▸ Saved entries
+++++

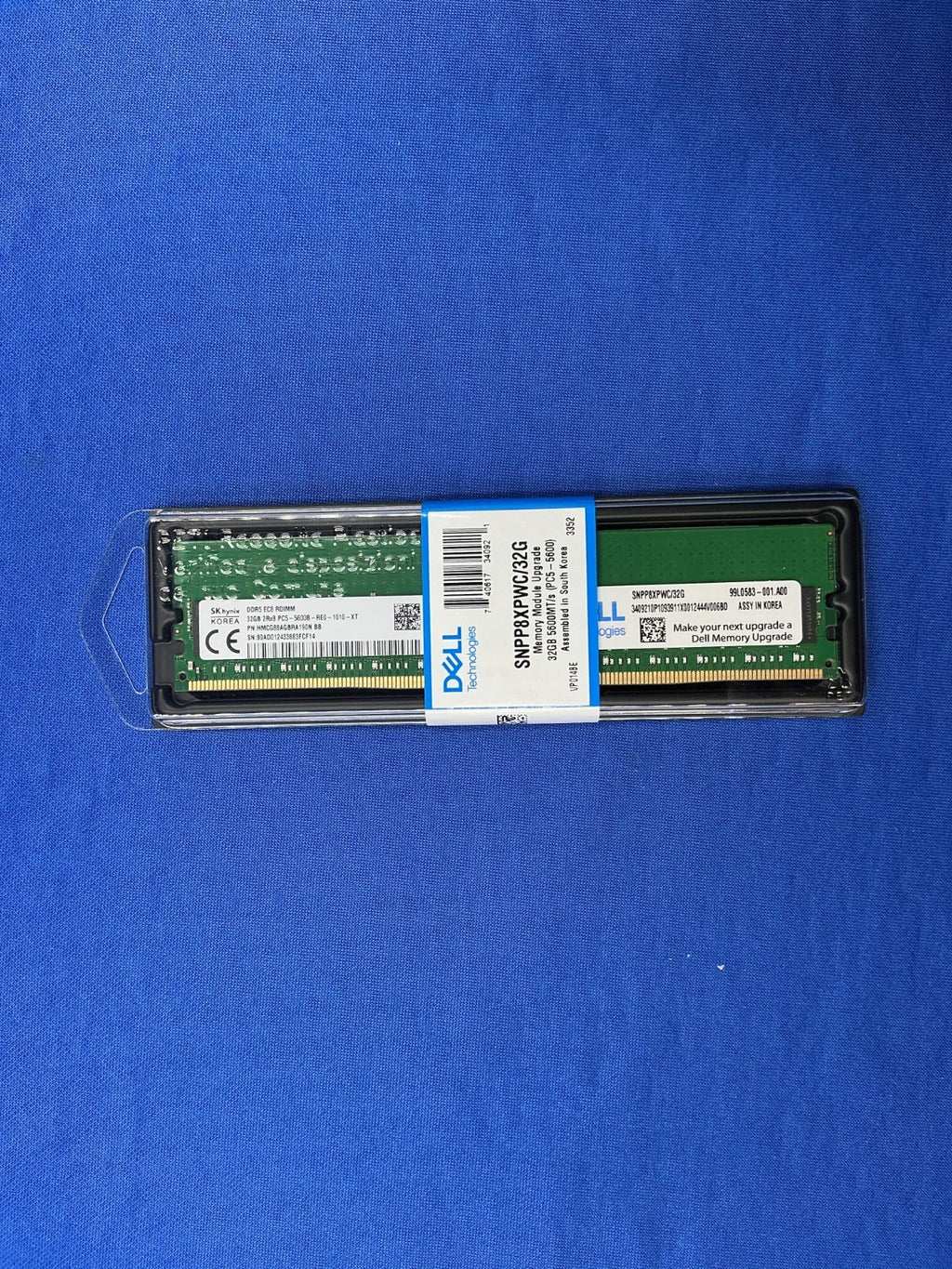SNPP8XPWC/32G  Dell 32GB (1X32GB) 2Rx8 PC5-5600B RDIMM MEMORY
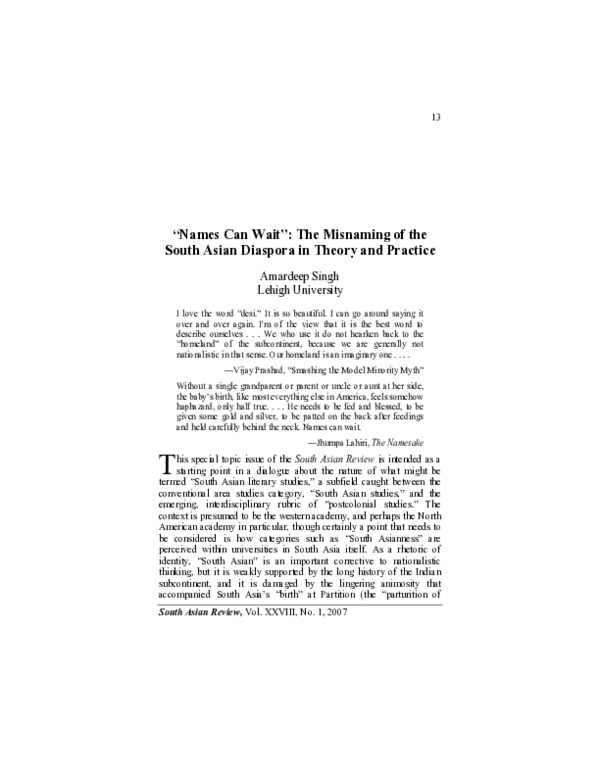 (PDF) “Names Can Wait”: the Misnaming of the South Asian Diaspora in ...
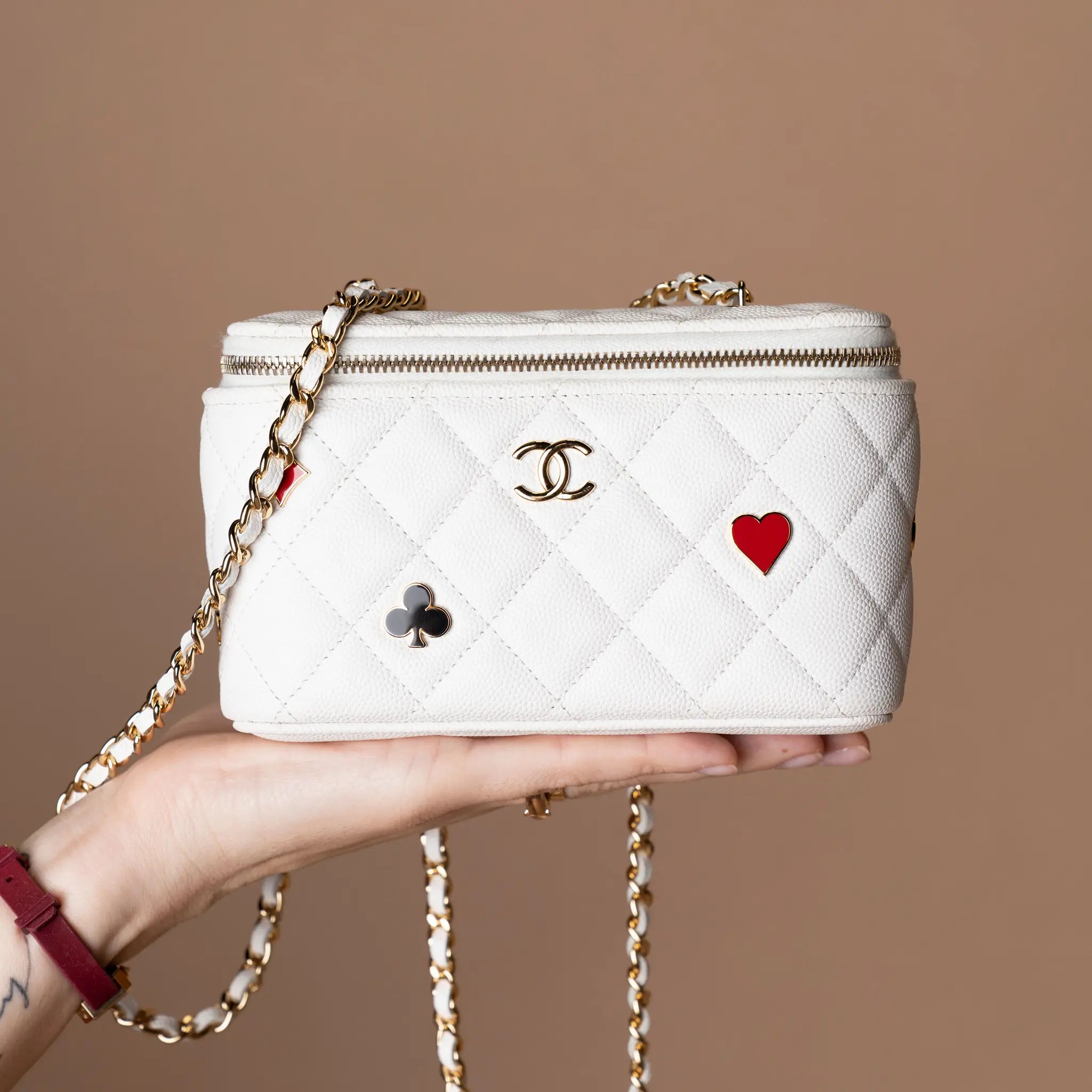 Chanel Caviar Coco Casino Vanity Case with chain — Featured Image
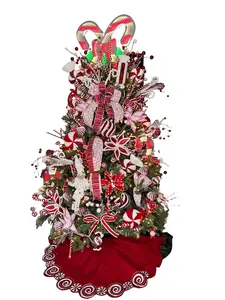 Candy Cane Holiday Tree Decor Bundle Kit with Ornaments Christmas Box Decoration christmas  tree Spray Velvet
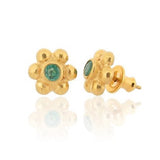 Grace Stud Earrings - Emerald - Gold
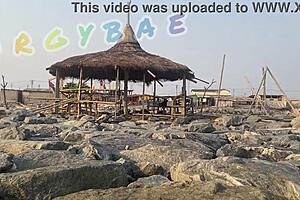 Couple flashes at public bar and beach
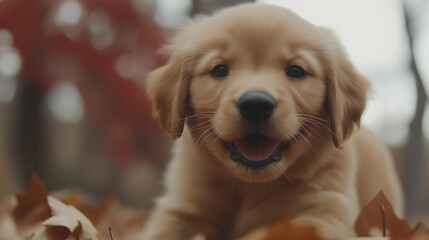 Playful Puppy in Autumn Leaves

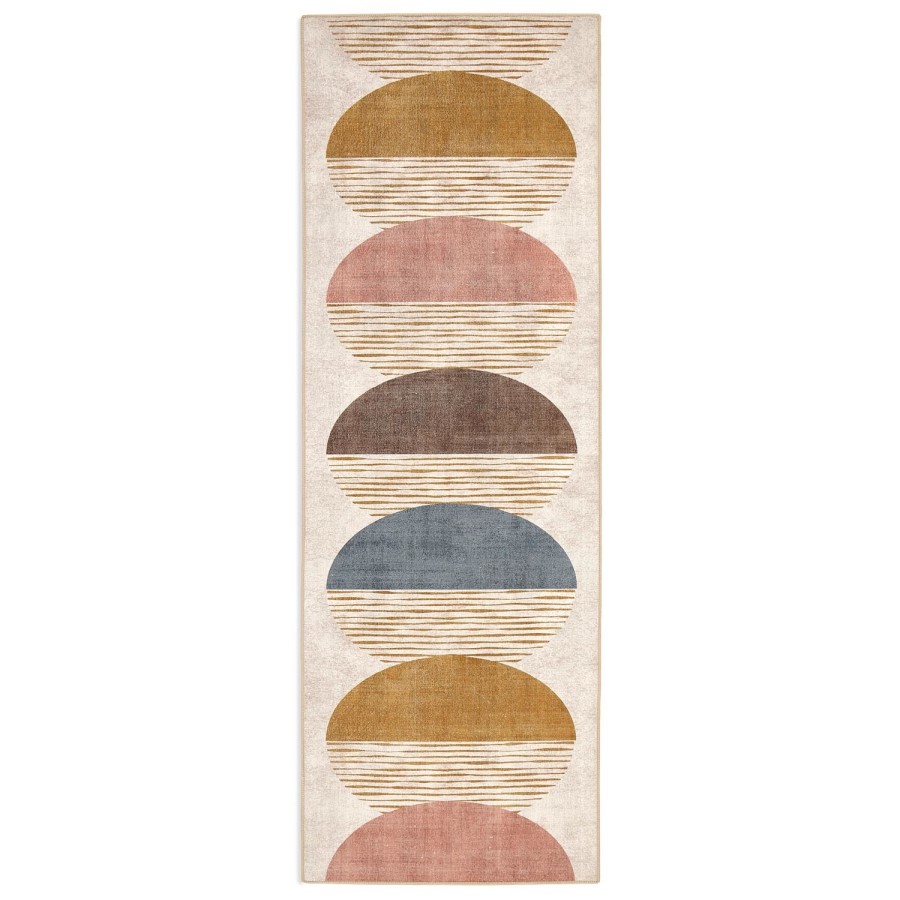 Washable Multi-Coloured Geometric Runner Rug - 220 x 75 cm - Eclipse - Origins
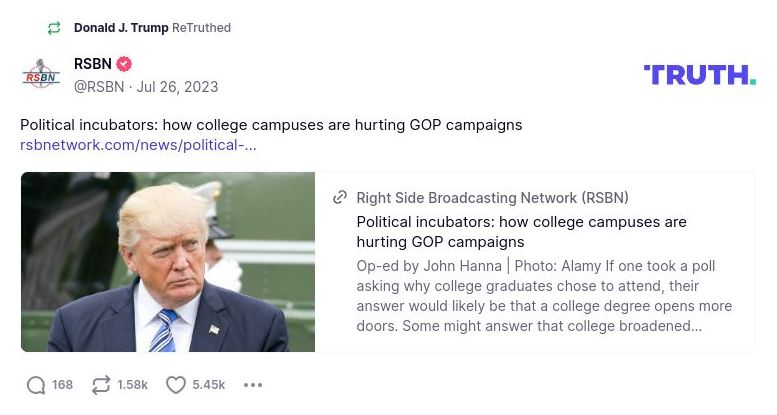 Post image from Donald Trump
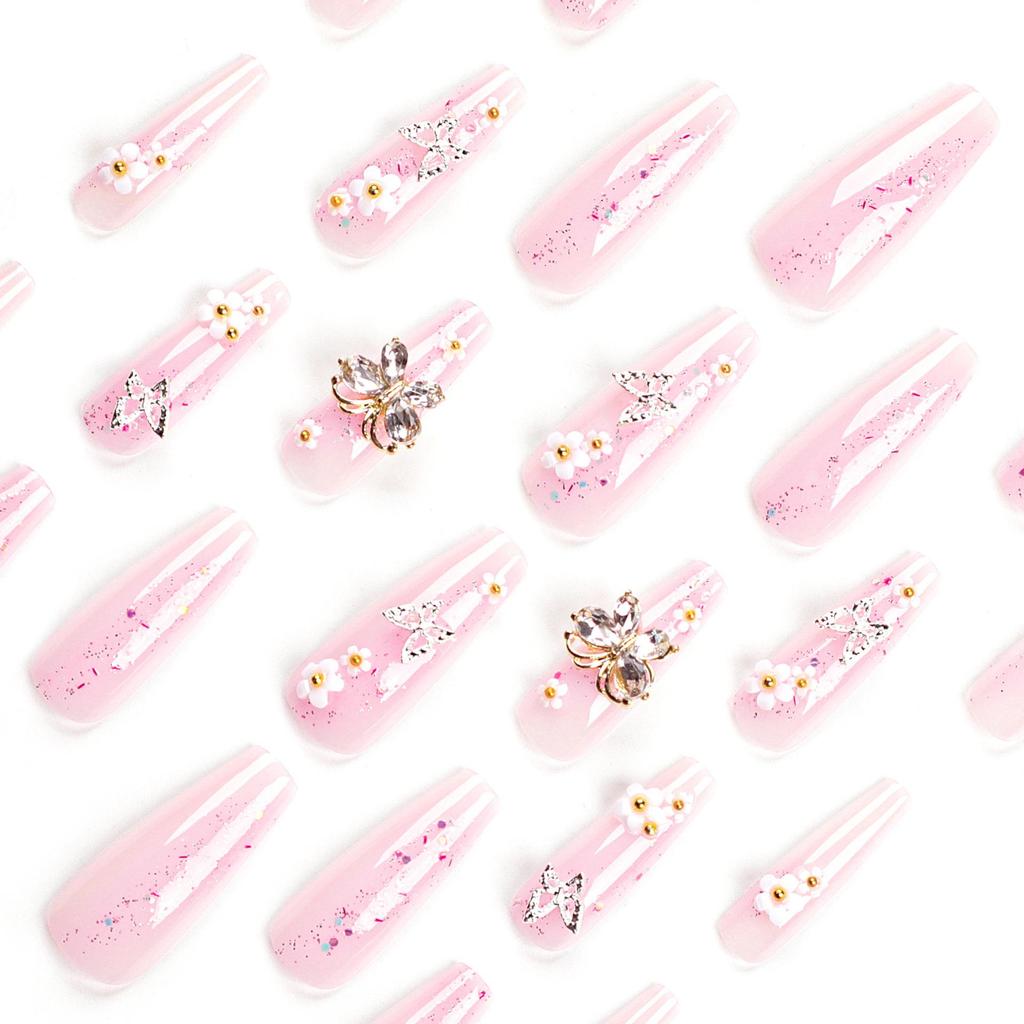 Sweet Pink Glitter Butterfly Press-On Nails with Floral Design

+++++

What's needed is an exact copy of the lines above from the one with "Diaspora in ..." through the one with "Post image from Donald Trump", both included; the pictures stay out.

▸ Exercise result
 (PDF) “Names Can Wait”: the Misnaming of the South Asian Diaspora in ...
 Chanel Caviar Coco Casino Vanity Case with chain — Featured Image
 Candy Cane Holiday Tree Decor Bundle Kit with Ornaments Christmas Box Decoration christmas  tree Spray Velvet
 Grace Stud Earrings - Emerald - Gold
 Couple flashes at public bar and beach
 Playful Puppy in Autumn Leaves

 Washable Multi-Coloured Geometric Runner Rug - 220 x 75 cm - Eclipse - Origins
 Post image from Donald Trump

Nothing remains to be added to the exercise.